- [Your assignment] Where the string "image" occurs in the material below, report the whole line.
---------- Data shown
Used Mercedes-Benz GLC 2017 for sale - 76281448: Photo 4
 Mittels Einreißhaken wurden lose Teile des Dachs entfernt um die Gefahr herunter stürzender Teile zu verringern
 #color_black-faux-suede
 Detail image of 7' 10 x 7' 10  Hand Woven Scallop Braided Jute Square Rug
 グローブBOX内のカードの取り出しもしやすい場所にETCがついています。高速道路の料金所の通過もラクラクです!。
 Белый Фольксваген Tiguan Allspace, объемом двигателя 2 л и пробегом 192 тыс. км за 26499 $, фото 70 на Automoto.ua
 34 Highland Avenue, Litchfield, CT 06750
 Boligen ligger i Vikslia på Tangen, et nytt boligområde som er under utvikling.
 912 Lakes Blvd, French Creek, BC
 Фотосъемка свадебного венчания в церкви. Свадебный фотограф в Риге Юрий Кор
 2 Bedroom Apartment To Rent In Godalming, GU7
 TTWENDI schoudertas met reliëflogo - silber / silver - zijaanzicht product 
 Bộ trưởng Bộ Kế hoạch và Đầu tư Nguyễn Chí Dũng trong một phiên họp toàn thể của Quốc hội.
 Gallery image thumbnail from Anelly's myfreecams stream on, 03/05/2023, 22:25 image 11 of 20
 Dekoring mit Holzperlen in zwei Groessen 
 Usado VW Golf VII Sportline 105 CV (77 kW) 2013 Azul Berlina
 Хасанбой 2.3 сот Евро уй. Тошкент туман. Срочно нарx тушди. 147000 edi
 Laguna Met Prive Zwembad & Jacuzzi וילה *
--------------------
- [Output of the exercise]
 Detail image of 7' 10 x 7' 10  Hand Woven Scallop Braided Jute Square Rug
 Gallery image thumbnail from Anelly's myfreecams stream on, 03/05/2023, 22:25 image 11 of 20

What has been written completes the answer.